Same here, Maggie. I bought some kibble in the beginning but since it doesn't get used as 'food' anymore, we use it as treats. They love it!

Thanks everyone for the suggestions. Keep them coming.


----------



## luvsmalts (Oct 21, 2008)

I usually throw a few Cheerios and small pieces of string cheese in the mix.


----------



## puppydoll (Jul 11, 2013)

What puzzle toys do you have that you like? Is it okay to ask that….it's kind of on topic. If not…just delete this and pretend I didn't ask it…..

i will quietly leave….lol
you won't even hear me tiptoe out….
unless i step on a Carley surprise….yikes


----------



## jmm (Nov 23, 2004)

Primal Chicken Chips treats


----------



## eiksaa (Jun 8, 2012)

puppydoll said:


> What puzzle toys do you have that you like? Is it okay to ask that….it's kind of on topic. If not…just delete this and pretend I didn't ask it…..
> 
> i will quietly leave….lol
> you won't even hear me tiptoe out….
> unless i step on a Carley surprise….yikes


Yes, of course. Can't speak for everyone but I don't mind sharing at all. 

Gustave is a busy bee so we have a lot of puzzle toys to keep him out if trouble. We have a bob-a-lot which I love. It's also the only toy Mieka will bother trying to solve. 

Tracey sent us some lovely treat puzzle toys too last year when she was our secret Santa. It's one of those treat ball things where you fill it and the dog has to roll it around to get the treats. I like these because I can change the difficulty level. 

Then I have a bunch of Nina Ottoson toys. I love all of them. I don't remember clearly but I think I have Twister, tornado, dog smart and finder. 

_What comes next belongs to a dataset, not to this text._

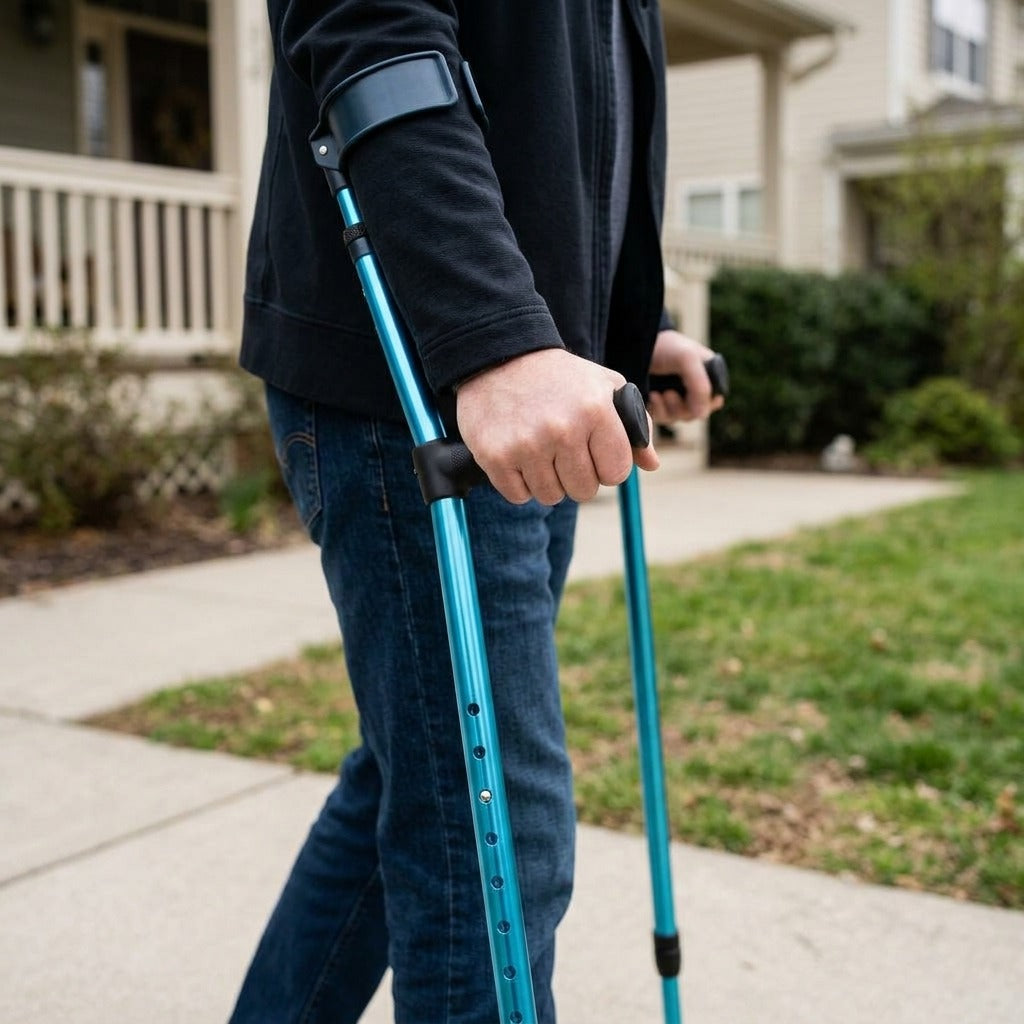 Foldable Adjustable Forearm Crutches for Adults - in use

Sent from Petguide.com Free App


----------



## dntdelay (May 27, 2011)

I use Busy Buddy toys. They have some really cute toys that you put treats in them. I use their treats too; however, jasmine just likes Cheerios.


----------



## puppydoll (Jul 11, 2013)

Thanks Aastha and Audrey!! Carley has the Bob-A-Lot and loves it! I think it would be nice to have a few more to challenge her.


----------